**What needs to be done**. Retype the following data exactly, but leave its pictures out.

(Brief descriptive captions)
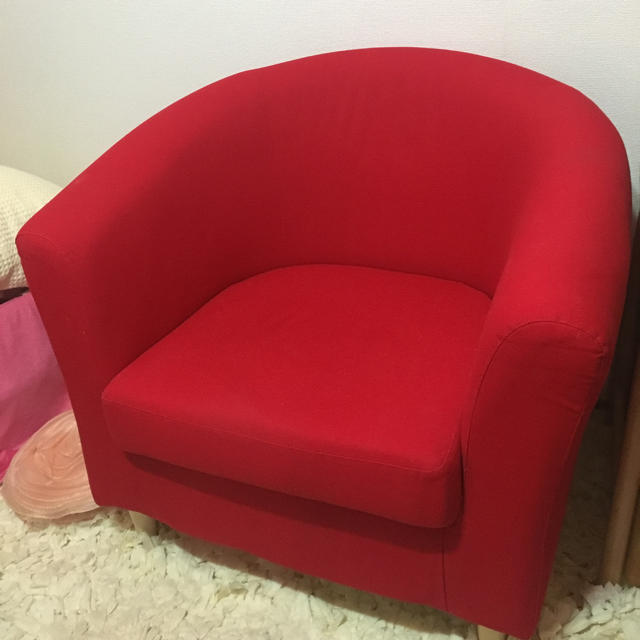 IKEA - 【最終値下げ】IKEA 一人掛けソファ レッドの通販 by はちみつ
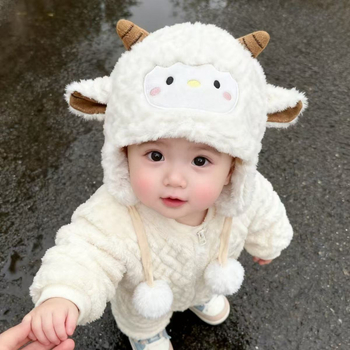 Dječja kapa s kapuljačom – plišani dizajn janje, zaštita za uši, gusta zimska toplina, uzrast 0–2 godine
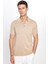 Erkek Slim Fit Dar Kesim Pamuklu Örme Triko Taş Polo Yaka Tişört 2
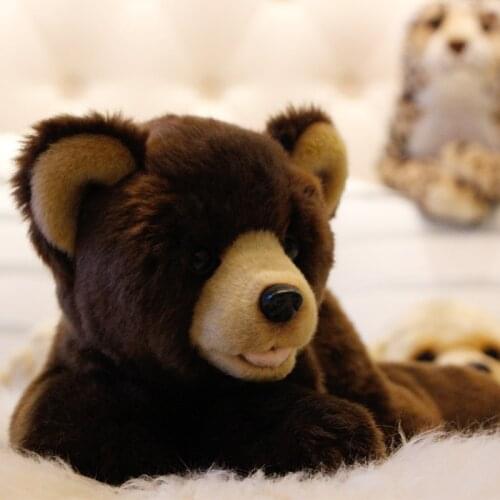 Dorimytrader quality soft animal lying brown bear plush toy stuffed animals bears toy kids gift decoration 36x15x16cm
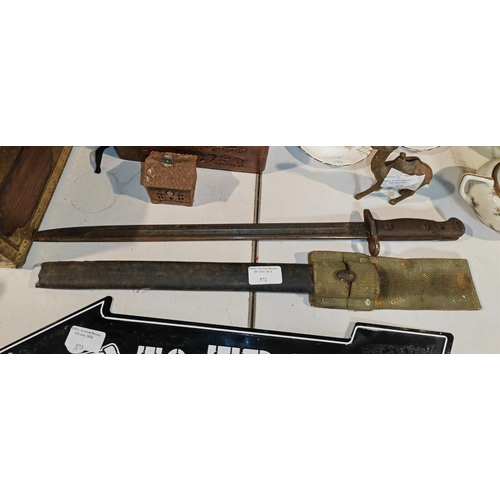 572 - Bayonet In Sheath (Tip Missing To Sheath)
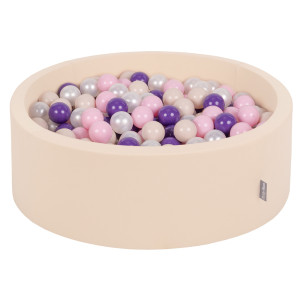 Dodatki damskie > test damska > Dodatki damskie > KiddyMoon Bällebad Bällepool mit bunten Bällen ∅ 7Cm für Babys Kinder Rund, Beige, 90 x 30 cm 200 Bälle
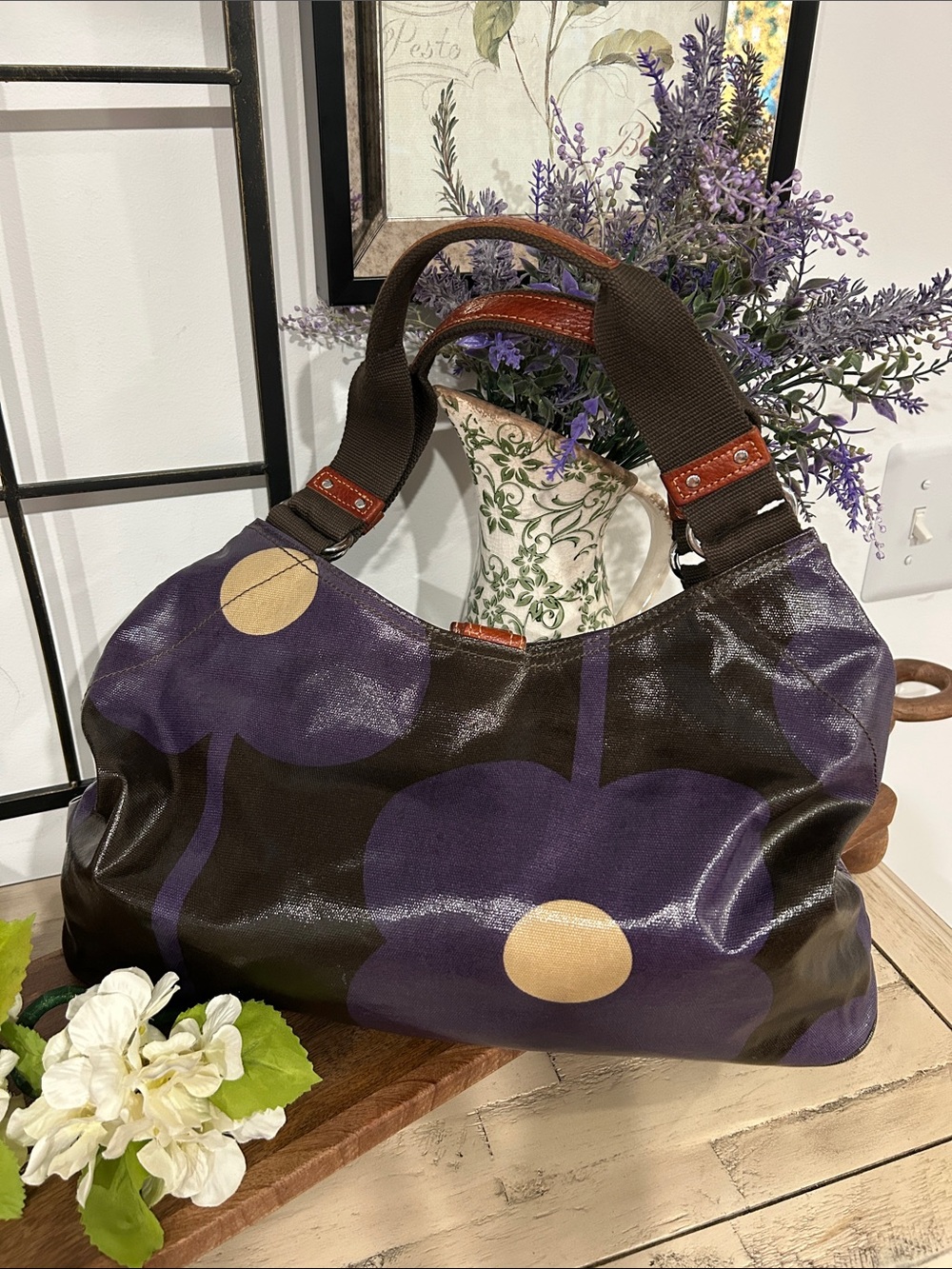 Orla Kiely Purple and Brown Floral Shoulder Bag with Gold Accents - Picture 5 of 5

**Written reply**.
 IKEA - 【最終値下げ】IKEA 一人掛けソファ レッドの通販 by はちみつ
 Dječja kapa s kapuljačom – plišani dizajn janje, zaštita za uši, gusta zimska toplina, uzrast 0–2 godine
 Erkek Slim Fit Dar Kesim Pamuklu Örme Triko Taş Polo Yaka Tişört 2
 Dorimytrader quality soft animal lying brown bear plush toy stuffed animals bears toy kids gift decoration 36x15x16cm
 572 - Bayonet In Sheath (Tip Missing To Sheath)
 Dodatki damskie > test damska > Dodatki damskie > KiddyMoon Bällebad Bällepool mit bunten Bällen ∅ 7Cm für Babys Kinder Rund, Beige, 90 x 30 cm 200 Bälle
 Orla Kiely Purple and Brown Floral Shoulder Bag with Gold Accents - Picture 5 of 5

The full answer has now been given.